Kowner, Rotem. “Psychological perspective on human developmental stability and fluctuating asymmetry: Sources, applications and implications.” British Journal of Psychology 2001, 92: 447-469. Print.
                

Saturday, March 19, 2011

Pleasure spiked with pain: Ode to Red Hot Chili Peppers


The ones you eat, not the band. (If I were writing about the band, I'd gush for over 9,000 words, and that's not very interesting now is it?)

One World Café in Baltimore has amazing vegetarian chili. People from Sri Lanka or Texas find it mild. People who grew up in homes where spice amounted to salt on mashed potatoes have to do a little dance and drink a little water.

And then there were ninth-birthday sleepovers, when we’d mix up the spiciest concoction possible from whatever was in the fridge and dare a girl to eat it. Not to mention freshman year of college, when the boys would have hot sauce chugging contests (watering eyes, fist-bumps, cries of “Auuuugh!”). If you can’t take the heat, you’re a wimp. Maybe that idea phases out of girl-society ten years before it does for boys, or maybe it just manifests itself differently. Either way, dares and contests imply that the people partaking are not doing it for pleasure. They seek out pain. If they liked eating habaneros the way I eat French fries, it’d be like a sleeping contest.

Growing up, whenever my Southern Maryland Indian community would have “functions,” the options would be Indian food (traditional spicy curries), and kid food (pasta salad, pizza etc). My parents encouraged me and my sister to eat the adult food. The kids who shied away from spices were considered spoiled.

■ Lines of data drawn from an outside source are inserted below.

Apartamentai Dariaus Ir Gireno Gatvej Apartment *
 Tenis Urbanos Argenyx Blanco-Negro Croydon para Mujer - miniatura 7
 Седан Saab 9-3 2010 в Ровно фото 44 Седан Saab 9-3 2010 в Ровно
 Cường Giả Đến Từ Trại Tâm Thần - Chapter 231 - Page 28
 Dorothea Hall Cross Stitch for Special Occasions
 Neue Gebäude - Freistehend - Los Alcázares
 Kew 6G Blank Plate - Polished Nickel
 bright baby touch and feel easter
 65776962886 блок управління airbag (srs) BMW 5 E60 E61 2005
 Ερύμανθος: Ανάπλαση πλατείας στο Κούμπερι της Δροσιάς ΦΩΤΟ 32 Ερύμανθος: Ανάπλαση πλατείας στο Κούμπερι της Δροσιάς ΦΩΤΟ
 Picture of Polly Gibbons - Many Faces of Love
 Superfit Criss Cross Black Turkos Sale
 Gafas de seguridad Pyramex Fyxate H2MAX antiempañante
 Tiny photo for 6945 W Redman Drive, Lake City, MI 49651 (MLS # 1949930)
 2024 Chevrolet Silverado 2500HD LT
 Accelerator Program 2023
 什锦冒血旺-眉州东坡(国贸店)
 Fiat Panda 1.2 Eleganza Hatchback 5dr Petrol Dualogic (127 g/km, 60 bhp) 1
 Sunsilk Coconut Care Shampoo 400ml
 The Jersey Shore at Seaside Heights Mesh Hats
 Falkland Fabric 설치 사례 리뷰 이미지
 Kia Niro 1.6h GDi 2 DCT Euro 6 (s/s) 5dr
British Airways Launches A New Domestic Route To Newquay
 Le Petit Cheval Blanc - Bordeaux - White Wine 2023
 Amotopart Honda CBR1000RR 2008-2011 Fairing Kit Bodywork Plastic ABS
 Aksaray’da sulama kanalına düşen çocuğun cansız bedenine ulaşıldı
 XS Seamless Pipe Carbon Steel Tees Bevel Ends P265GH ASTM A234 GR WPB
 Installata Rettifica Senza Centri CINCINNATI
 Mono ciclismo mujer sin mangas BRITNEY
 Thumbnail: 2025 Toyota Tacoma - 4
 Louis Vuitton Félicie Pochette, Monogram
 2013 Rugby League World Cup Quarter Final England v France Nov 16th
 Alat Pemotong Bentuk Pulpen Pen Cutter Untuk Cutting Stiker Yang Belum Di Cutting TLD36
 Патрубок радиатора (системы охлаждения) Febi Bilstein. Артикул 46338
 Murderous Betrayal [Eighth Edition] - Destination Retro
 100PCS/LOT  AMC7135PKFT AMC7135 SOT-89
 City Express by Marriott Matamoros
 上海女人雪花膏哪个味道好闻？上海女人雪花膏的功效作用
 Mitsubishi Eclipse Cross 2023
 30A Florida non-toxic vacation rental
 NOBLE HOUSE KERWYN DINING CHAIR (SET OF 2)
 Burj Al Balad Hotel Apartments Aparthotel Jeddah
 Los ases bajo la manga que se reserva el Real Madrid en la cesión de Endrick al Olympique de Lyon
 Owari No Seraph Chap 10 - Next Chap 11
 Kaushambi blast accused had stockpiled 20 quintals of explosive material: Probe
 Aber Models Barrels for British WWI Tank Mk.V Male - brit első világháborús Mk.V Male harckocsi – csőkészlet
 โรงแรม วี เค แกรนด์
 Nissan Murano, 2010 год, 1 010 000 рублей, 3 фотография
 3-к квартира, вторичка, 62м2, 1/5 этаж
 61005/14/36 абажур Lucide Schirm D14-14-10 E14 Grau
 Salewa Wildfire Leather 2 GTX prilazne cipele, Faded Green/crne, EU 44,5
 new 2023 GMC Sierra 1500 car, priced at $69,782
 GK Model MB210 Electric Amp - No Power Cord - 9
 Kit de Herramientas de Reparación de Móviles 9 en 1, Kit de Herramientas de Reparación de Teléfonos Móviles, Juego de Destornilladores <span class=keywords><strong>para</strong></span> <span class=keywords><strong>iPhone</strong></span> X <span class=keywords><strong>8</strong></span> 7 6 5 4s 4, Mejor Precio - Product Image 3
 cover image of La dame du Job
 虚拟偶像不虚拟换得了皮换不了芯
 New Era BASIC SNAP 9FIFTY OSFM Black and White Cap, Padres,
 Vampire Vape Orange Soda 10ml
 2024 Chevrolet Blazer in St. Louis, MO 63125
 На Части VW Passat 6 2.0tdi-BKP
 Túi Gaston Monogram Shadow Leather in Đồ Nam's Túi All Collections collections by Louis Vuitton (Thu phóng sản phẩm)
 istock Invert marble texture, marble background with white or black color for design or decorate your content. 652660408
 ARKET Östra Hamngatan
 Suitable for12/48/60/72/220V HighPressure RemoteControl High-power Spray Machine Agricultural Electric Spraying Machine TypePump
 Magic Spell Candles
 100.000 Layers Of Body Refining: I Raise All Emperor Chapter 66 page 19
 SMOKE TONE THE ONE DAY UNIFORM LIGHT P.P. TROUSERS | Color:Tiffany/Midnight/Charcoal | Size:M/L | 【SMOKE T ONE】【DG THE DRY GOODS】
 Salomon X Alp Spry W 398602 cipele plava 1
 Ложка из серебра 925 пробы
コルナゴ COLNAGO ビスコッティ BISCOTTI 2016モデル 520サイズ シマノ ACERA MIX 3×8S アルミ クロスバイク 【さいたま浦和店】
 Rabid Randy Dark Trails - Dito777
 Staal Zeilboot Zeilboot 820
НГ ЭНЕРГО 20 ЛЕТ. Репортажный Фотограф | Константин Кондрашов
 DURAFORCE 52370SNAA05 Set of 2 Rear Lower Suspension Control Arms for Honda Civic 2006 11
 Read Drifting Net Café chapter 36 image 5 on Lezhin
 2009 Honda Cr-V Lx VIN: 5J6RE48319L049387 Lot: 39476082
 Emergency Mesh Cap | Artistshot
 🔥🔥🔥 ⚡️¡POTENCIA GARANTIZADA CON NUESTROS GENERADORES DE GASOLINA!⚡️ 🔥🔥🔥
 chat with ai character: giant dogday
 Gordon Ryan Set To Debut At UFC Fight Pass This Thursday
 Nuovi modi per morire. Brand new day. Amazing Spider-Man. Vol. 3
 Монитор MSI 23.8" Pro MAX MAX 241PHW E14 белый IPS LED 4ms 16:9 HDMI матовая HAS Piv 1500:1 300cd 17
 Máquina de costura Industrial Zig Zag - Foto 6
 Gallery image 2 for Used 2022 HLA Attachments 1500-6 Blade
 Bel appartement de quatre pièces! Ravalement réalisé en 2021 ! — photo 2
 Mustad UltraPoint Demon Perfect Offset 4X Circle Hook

For a 14 year old to eat just pizza was unacceptable.

Okay. So spicy food is a rite of passage of some sort. To adulthood, responsibility, or just some arbitrary standard of adolescent toughness.

I was one of the good kids. I’d eat the hot food. For many years I didn’t like it at all. I’d long for mashed potatoes, buttered bread, mac’n’cheese, vegetables that weren’t “destroyed” by “gross things.” My parents would try to get me to finish my dinner by telling me about Columbus, that for centuries Europe didn’t have spices, so I should count myself lucky because I had so many of these voyaged-after spices in just one spoonful of food.  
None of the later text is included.